10年間、真面目に働いたご褒美だ。どーんと行けで乗って来た。
胸のネックレスを残して、思いつくもの全部返してきたと思ってた。けど、この10年間の住居費‥すっかり司に甘える形になちゃったなぁー なんてぼんやり考えた。
そのお陰で、結構な額の貯金もある。
取りあえず頑張るぞー! 決意をあらたにアパートメントに向う。
**
「ふぅっー」
話す人が居ないって退屈なもんだ。
パリに着いて1週間。

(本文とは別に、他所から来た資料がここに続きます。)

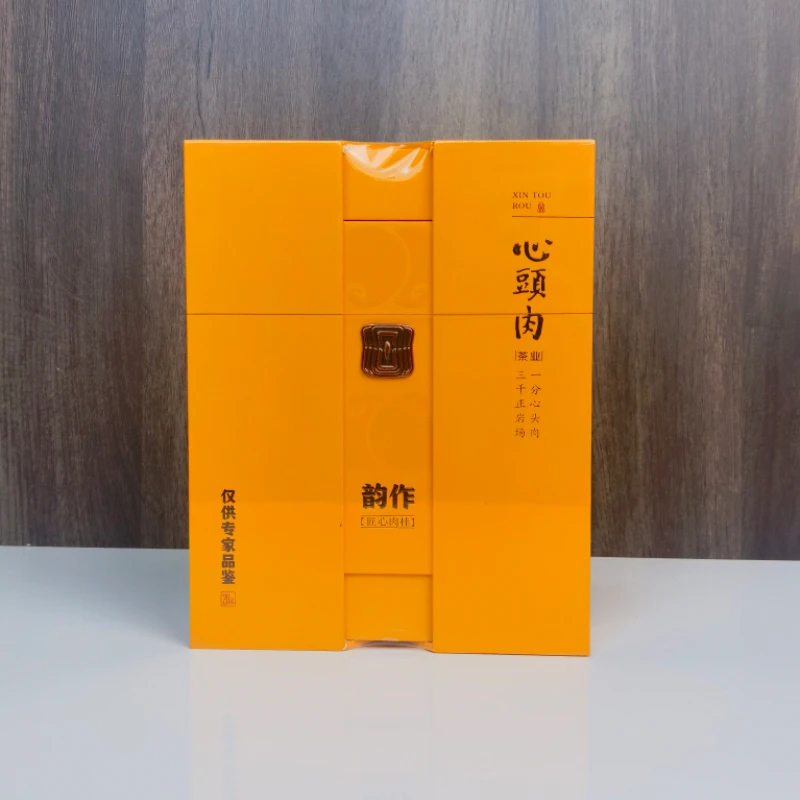 心头肉茶业韵作匠心肉桂武夷岩茶核心正岩肉桂20g礼盒装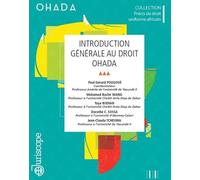 Introduction générale au droit OHADA
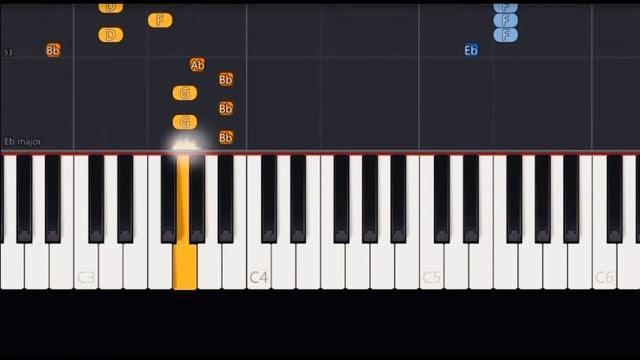 Where's My Love- SYML EASY Piano Tutorial смотреть онлайн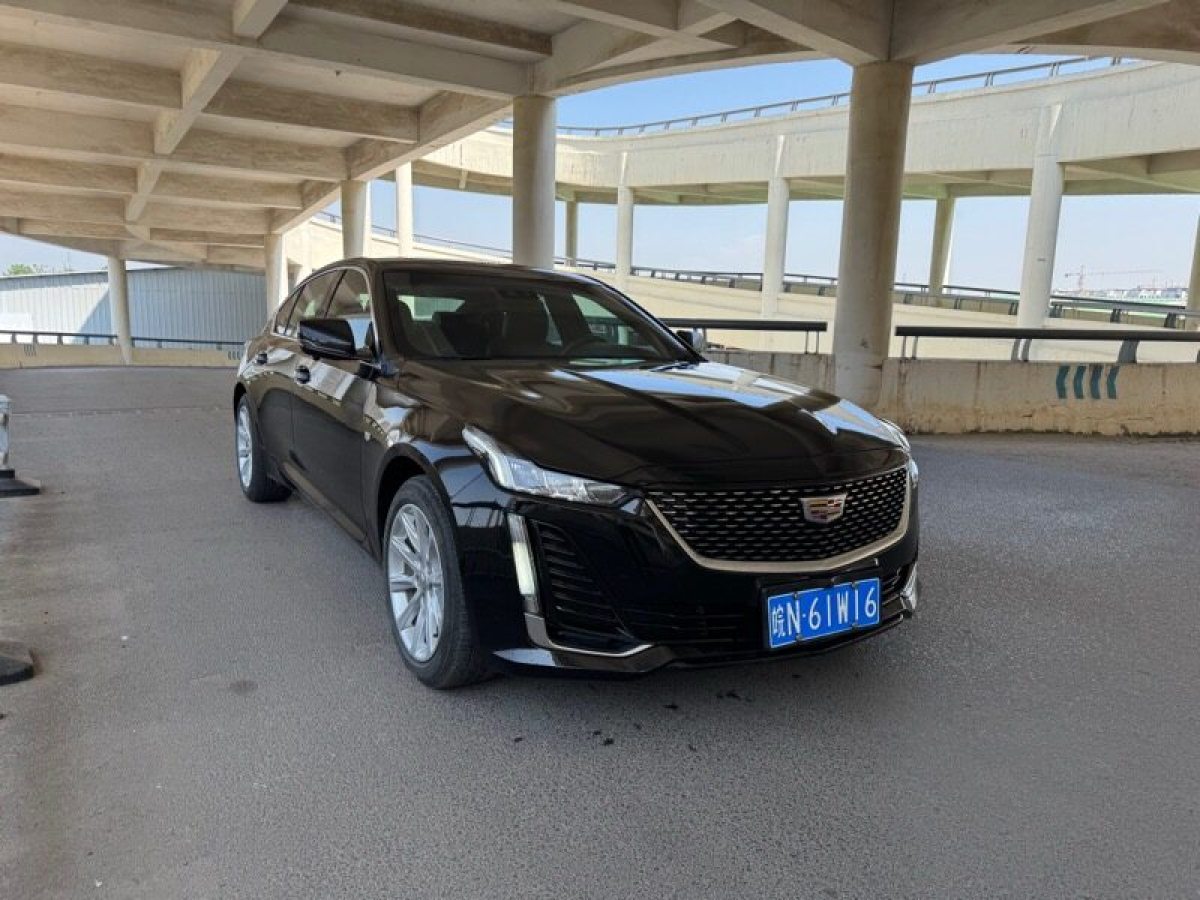 凱迪拉克 CT5  2022款 28T 風(fēng)尚型圖片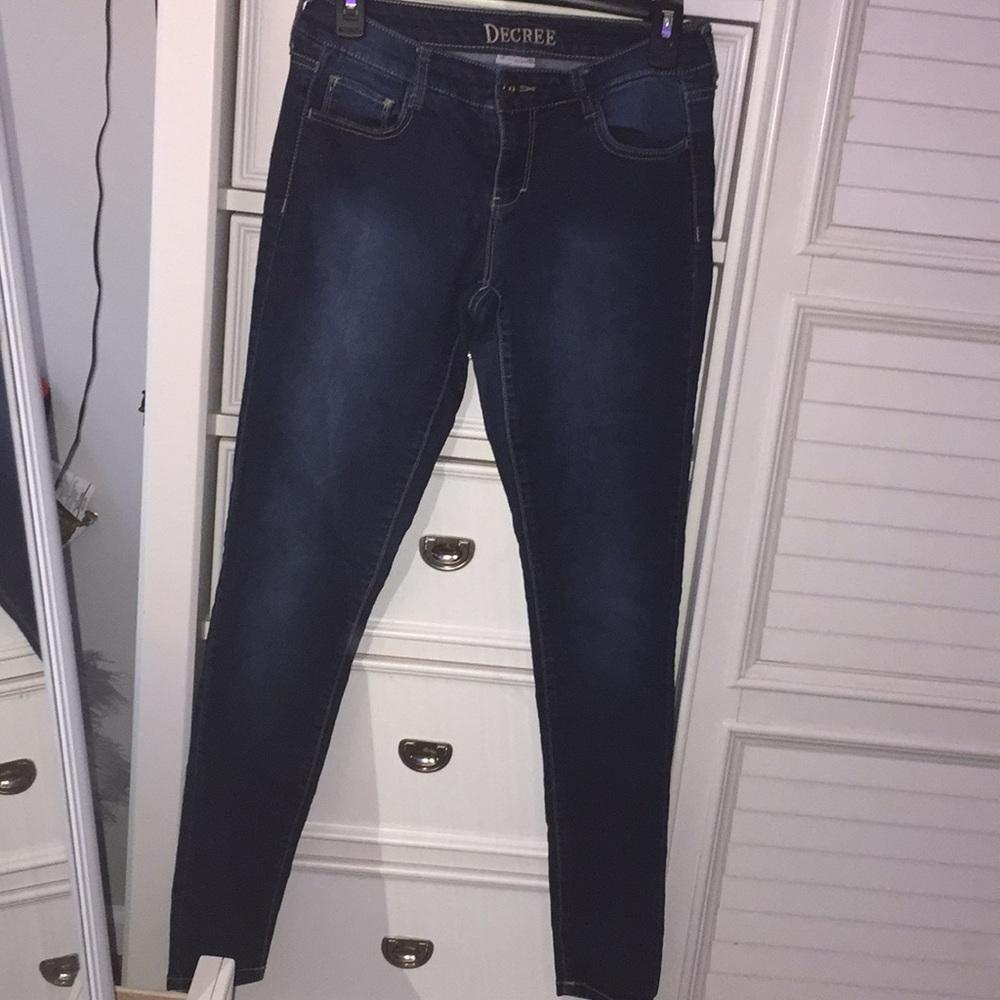 Decree Juniors - Dark Blue Jeans!!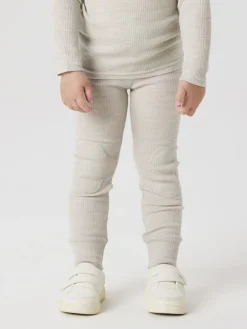 Name It lasten leggingsit, NMNWAX WOOL RIB LEGGING Harmaa
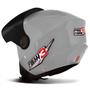 Imagem de Capacete Feminino Aberto Mulher Moto Seguro Pro Tork New Liberty 3 Solid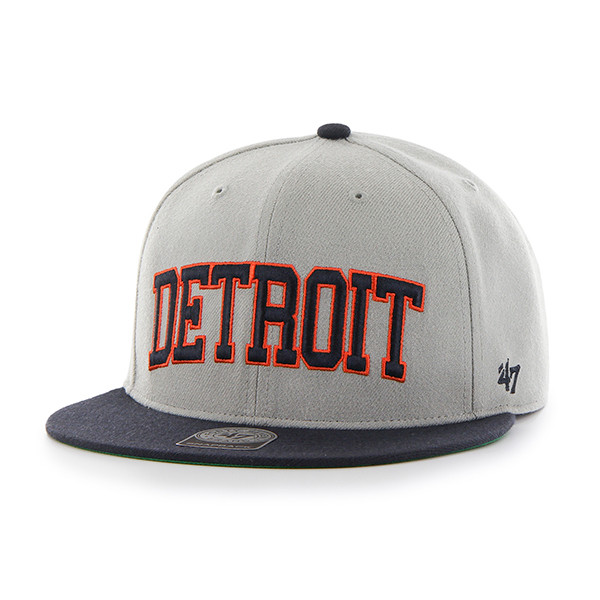 Detroit Tigers Hat Mens Blue Adjustable Outdoor Cap MLB Baseball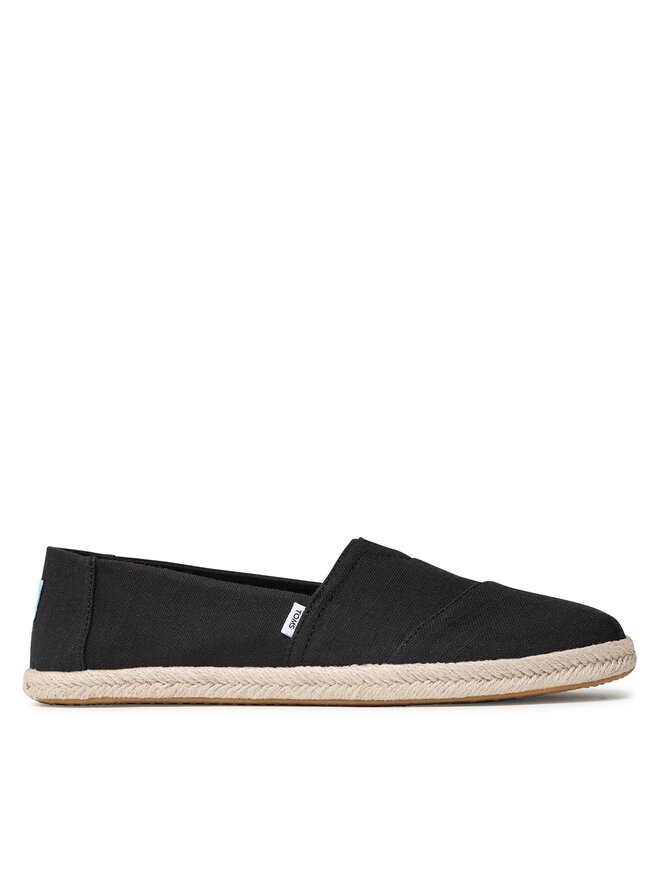 Toms Alpargatas Toms Alpargata Rope 10019670 Negro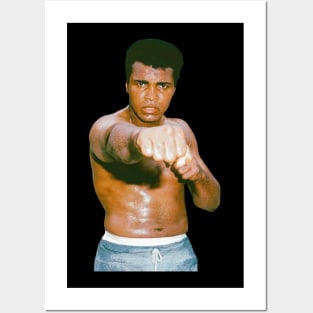 muhammad ali vintage Posters and Art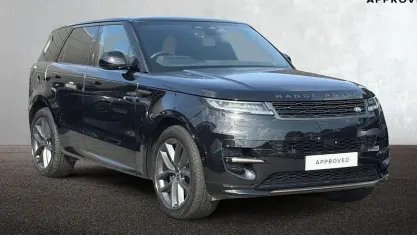 Used Land Rover Range Rover Sport SE Dynamic 300 HP (220 kW) 2022 Black SUV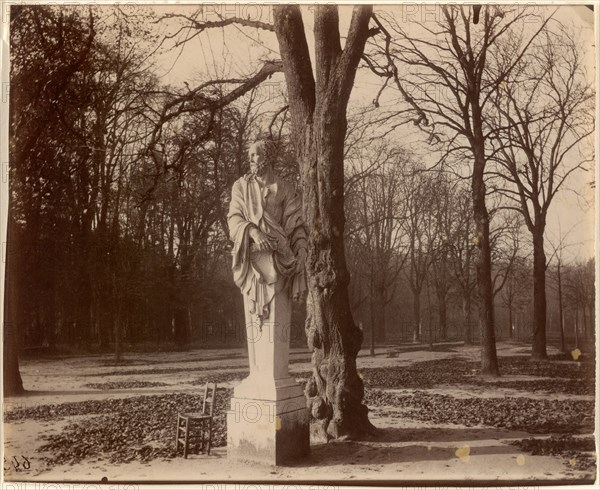 Versailles, Coin de Parc, 1904. Creator: Eugene Atget.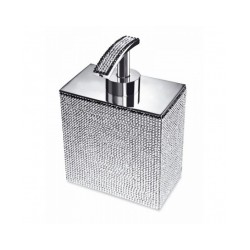 SWAROVSKI Dozators ziepēm Star Light square 3 hrom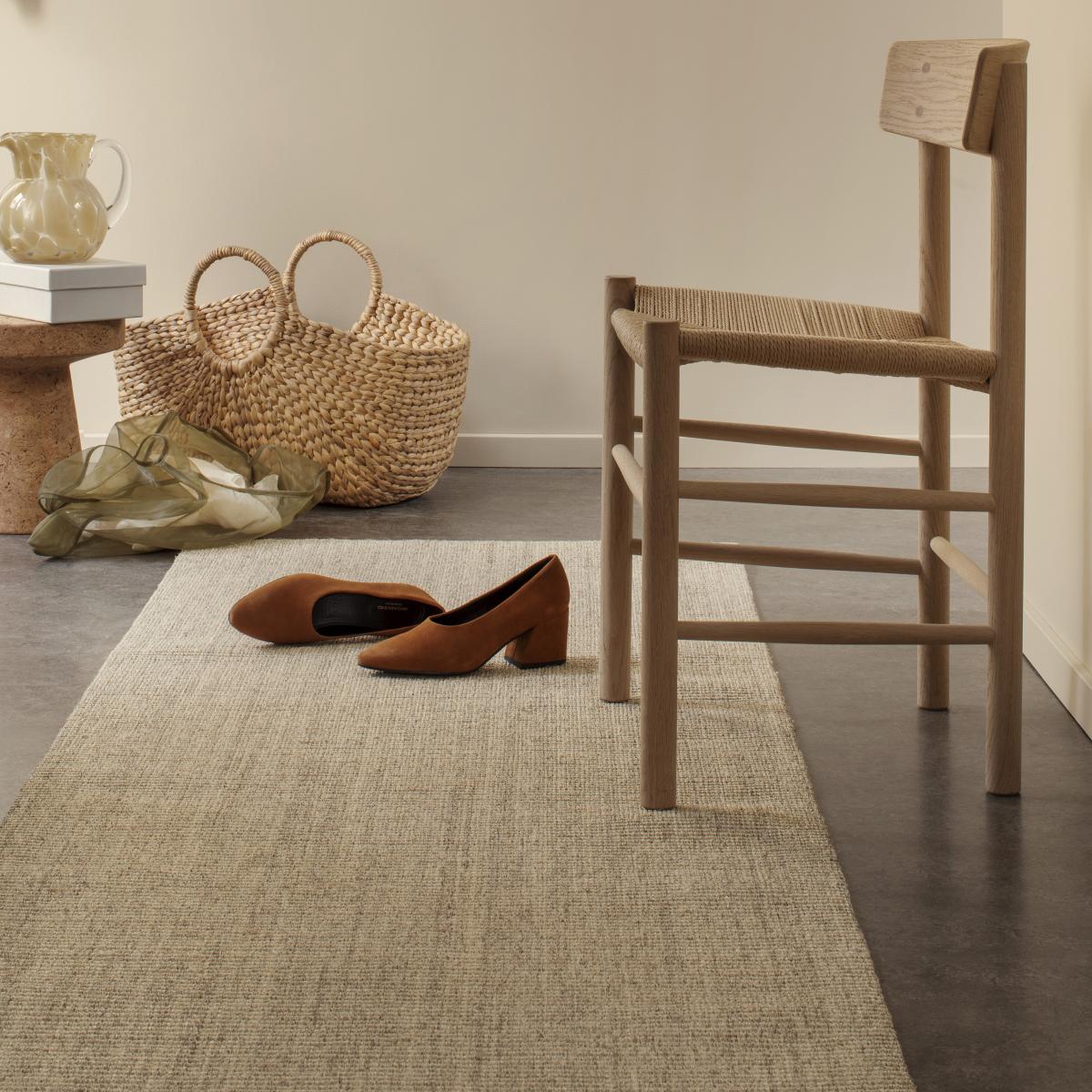 Sisal rug marble 80x250 cm – image 2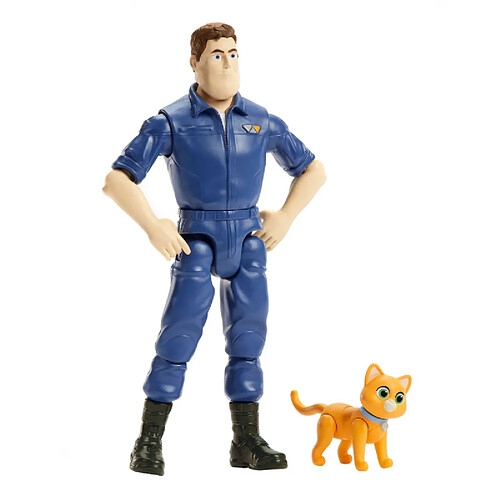 Mattel figurine Buzz l’Éclair articulée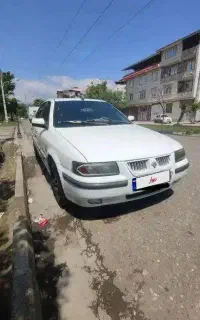 سمند lx/فنی سالم/آماده سفر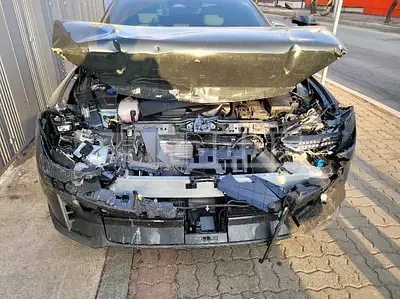 Photo 1 of 17: 2023 Hyundai Modern Ionic 6, VIN KMHM541CPPA008585 — Korean insurance auction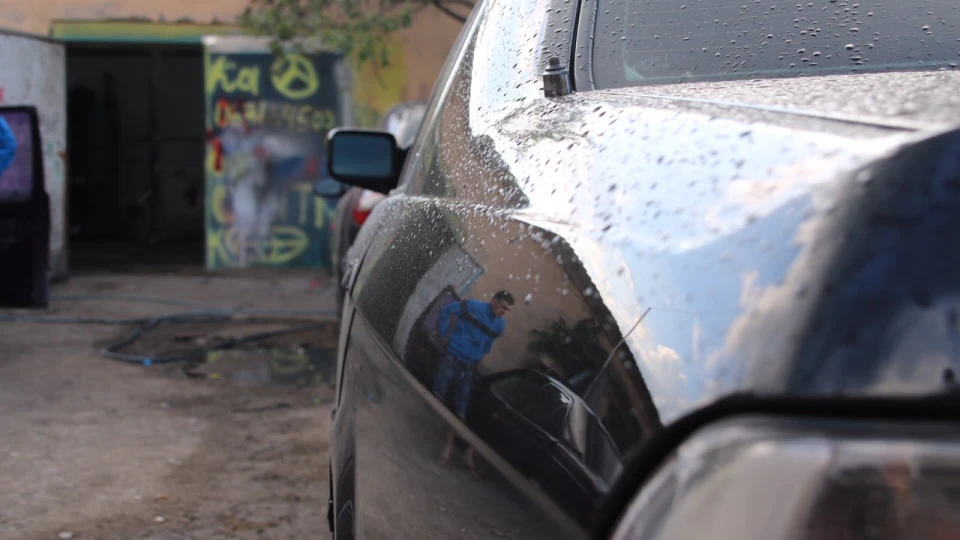 BMW 7 series 730I Black 2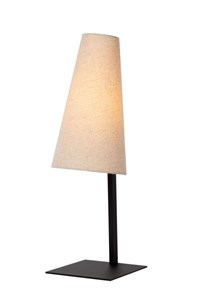 Lucide GREGORY - Tafellamp - 1xE27 - Beige aan 8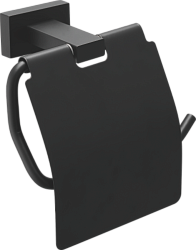 Держатель для бумаг (квадрат), черный матовый B90303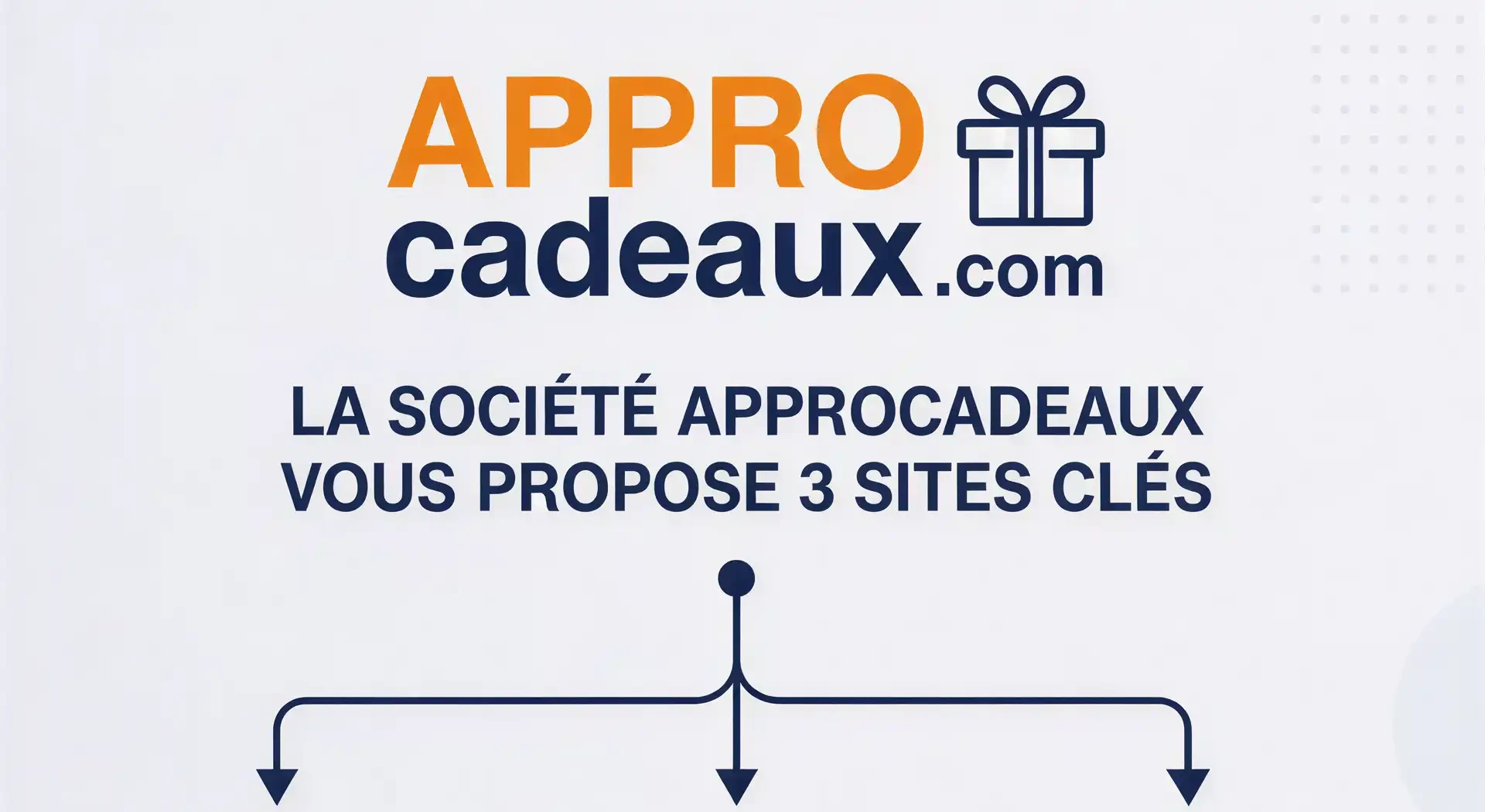 ApproCadeaux.com - La société ApproCadeaux vous propose 3 sites clés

何かをする元気もなかったあたし。
ちょっと余裕が出て来たのか? 何もしない日々が退屈に感じ始める。
司と共に過ごして来た10年、極力親しい人を作らずに生きて来た。
それでも、仕事をしていれば色々な人とのやり取りが生まれていたんだなぁーと改めて思う。
ヨシッ
かけ声一つかけて、街に繰り出す。
うふふっ、取りあえず観光地巡りだーーー
景色を眺め、街をゆっくりと歩く。
パリのカフェでお茶なんてしてみようかしら? うふっちょっと素敵なんじゃないの~
優雅にお茶をする。
テーブルにお金を置こうとバックから、財布を取り出‥
ひゃっ、やられた。
大した金額は入ってなかったけど、ここの支払いどうしよう? 思案にくれていると‥
道を歩いている隣の部屋の住人を見つけた。
うわっ、ついてる~ うんと何って名前だったっけな?
たしかたしか、そうそう
「クラルティーさん?」あっ、疑問系になっちゃったよーって思ってると
クラルティーさんが、笑いながら近づいてきてくれる。
かくかくしかじか、理由を説明すると‥
「じゃぁ、ご馳走させて」
そう言って、お茶をご馳走してくれて、電車賃まで貸してくれる。
「ありがとうーー。あとで返しにくね」
「わざわざ良いよ。今度誰かが困ってる時にでも奢ってあげて。」
片手をあげて、その場をさるクラルティーさん。
中々、良い人ですなぁー
うん。君といるとあたしは、いつもラッキーだよ。お腹をさすって話しかける。
隣の部屋から物音がする。
あたしは、日本茶と借りたお金を持って隣の部屋を訪れる。
ピンポーン
「はーい」
「今日は、ありがとう。すごく助かりました。」
「あっ、日本茶?嬉しいありがとう‥うんと‥」
「牧野、牧野つくし」
「つくし。ありがとう。」
「僕は、ナタナエル クラルティ」
この日を境に、ナタナエル。ううんタスクとは仲良くなった。
タスクは、18才の学生さん。
「つくしは、フランスになにしに来たの?」
「ノープラン。」
「日本では、弁護士さんだったんでしょ?」
「うん。」
「じゃ、もう一度学生になって、フランスで弁護士になれば?」
フランスで弁護士? それってとても魅力的かもしれない‥ フランスの法曹界は女性がとても活躍している世界だ。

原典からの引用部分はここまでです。